IRIB, The Regime’s Main Propaganda Tool
With its reach and the variety of its audiences, the Islamic Republic of Iran Broadcasting is the main cog in the Islamic Republic’s propaganda machine. The end of the eight-year Iran-Iran war in the 1980s allowed the regime to allocate more financial resources to expand state-run radio and television networks, which currently consist of some 20 national TV channels, 20 foreign-language TV channels, 31 provincial TV channels and around 20 radio channels.
From the mid-2000s, a number of TV programs were dedicated to fighting the opposition.
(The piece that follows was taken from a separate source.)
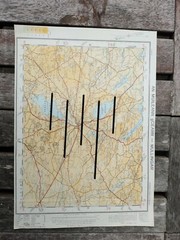 ORDNANCE SURVEY OF IRELAND MAP Set of 7 popular locations. 1/2 in to 1 mile.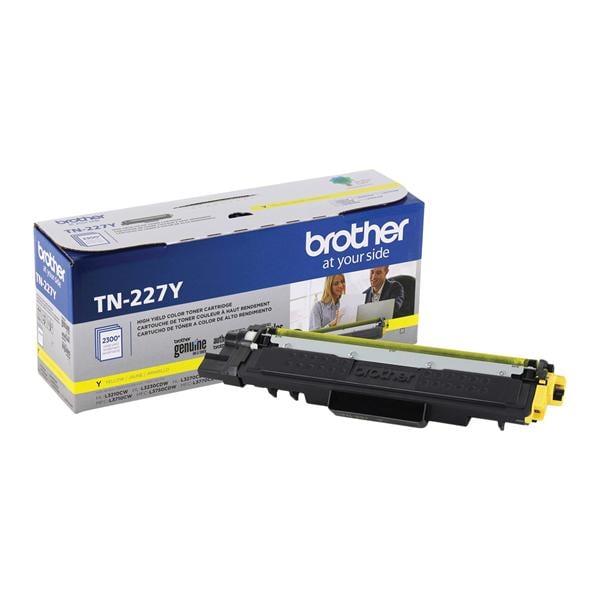 Brother TN-227Y High-Yield Yellow Toner Cartridge Ea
One of them was “20:30,” which initially attracted a wide audience because it broadcast news that other new programs usually ignored, it had young and articulate presenters such as Kamran Najafzadeh and its format was different from other programs. However, it later became just another propaganda instrument for the regime, regularly airing forced confessions or maligning the opposition with trumped-up charges.
The Ofogh (“Horizon”) channel is broadcast worldwide. It does not enjoy a wide TV audience but gets a good amount of attention on social media.
The Young Journalists Club was founded by IRIB in 1999. It has direct ties with security agencies, and has produced and aired forced confessions and made-to-order programs for these agencies.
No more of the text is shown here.